Two Penn State researchers are members of an interdisciplinary team of ecologists, statisticians, computer scientists and data scientists trying to determine how a changing climate is affecting lakes across the country, and what role the bodies of water play in the global nutrient cycle. Image: S.D. Welch

Researchers harness 'big data' to see the big picture on lakes, nutrient cycles

UNIVERSITY PARK, Pa. -- Two Penn State researchers will play a key role in a multi-university study of the contribution that U.S. lakes make to global nutrient cycles, funded by a $4.2 million grant from the National Science Foundation.

Tyler Wagner, adjunct professor of fisheries ecology in the College of Agricultural Sciences, and Ephraim Hanks, assistant professor of statistics in the Eberly College of Science, will collaborate with researchers at Michigan State University, the University of Wisconsin and the University of Missouri using a new approach to expand traditional ecology to regional and continental scales.

This interdisciplinary team of ecologists, statisticians, computer scientists and data scientists work in the evolving field of "macrosystems ecology," which is expected to play a critical role in helping address many challenges facing the environment, such as a changing climate.

"Lake nutrients, such as nitrogen, phosphorus and carbon, are strongly controlled by characteristics of individual lakes, including size, depth and characteristics of the surrounding landscape, such as the amount of agricultural land use in the catchment," said Wagner, who is assistant leader of the Pennsylvania Cooperative Fish and Wildlife Research Unit at Penn State.

"Although we might have a good understanding of these controls for some individual lakes, it is increasingly important to study these controls and processes at large spatial extents -- especially if we want to answer questions related to how lakes, and the important ecological services they provide, will change within the context of global climate change."

Ecologists often are asked how lakes, rivers, forests and other natural systems of a country or region will change as climate changes, noted lead researcher Patricia Soranno, professor of fisheries and wildlife and a macrosystems ecology pioneer at Michigan State University. "But ecologists still struggle with the basic idea of extrapolation -- how to apply knowledge gained from individual ecosystems that ecologists typically study to all ecosystems within regions, across continents and, ultimately, around the world."

For example, ecologists have data from across the country that have been collected on lakes for decades, but nobody has put them all together to understand the continental lake macrosystem, which consists of more than 130,000 lakes in the continental U.S. The data sources include many small, individual projects from university researchers, citizen-science efforts, governments and tribal agencies -- all of which need to be linked to terabytes of data collected from new or existing field sensors, observation networks and millions of high-definition satellite images.

Paired with this near-endless data deluge are many new computer science and statistical tools available to analyze such large data sets and easy access to supercomputers.
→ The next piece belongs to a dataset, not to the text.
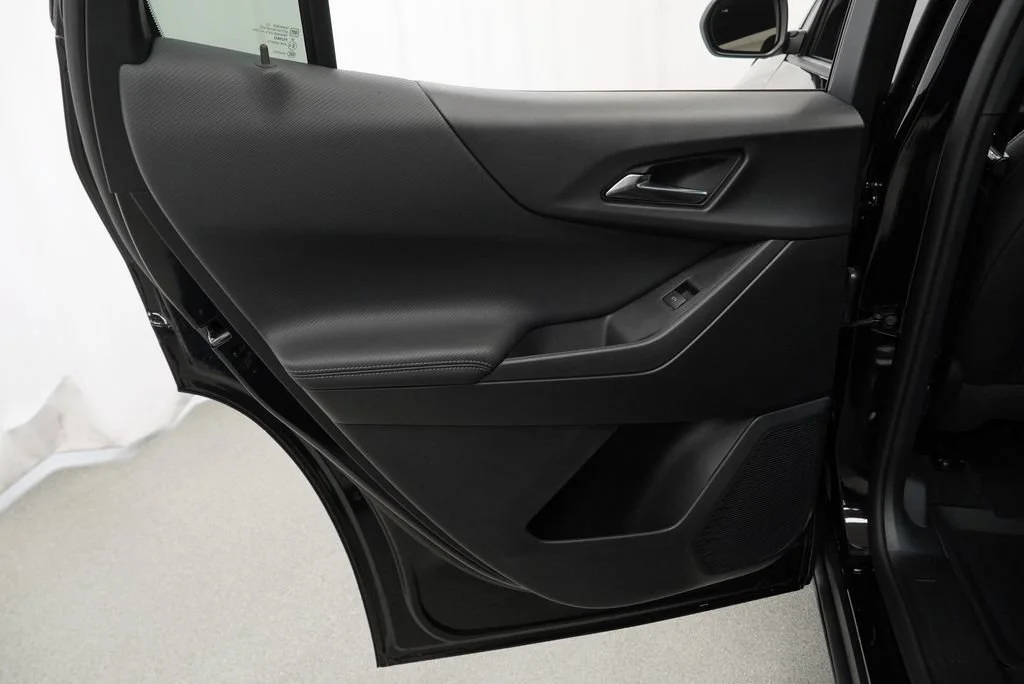 New 2027 Mosaic Black Metallic Chevrolet LT image 24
Analyses that once took months or years to complete now can be conducted in hours or days. The challenge, though, is that most ecologists do not know how to put all these data together or how to use these new tools.

In this study, researchers will use huge data sets and the latest computer tools to harness and blend knowledge from individual studies and scale them up to show what is happening today and into the future at the scale of the entire United States.

"This research is a great opportunity for developing new statistical methods that will improve our ecological understanding of lakes, provide accurate predictions of lake nutrients and carbon, and identify novel ecosystems and the effect such novelty has on prediction accuracy," said Penn State's Hanks, who is one of two statisticians involved in the study.

"Not only will quantifying novelty be critical for understanding and quantifying prediction uncertainty in this research effort, but it also will help resource managers identify novel systems for which we lack adequate monitoring data."

In addition, the study will help to manage lake water quality better by providing the tools to predict the timing of excess-nutrient-driven algal blooms that can affect water supplies, close beaches and cause illnesses in people, pets and wildlife, the researchers said.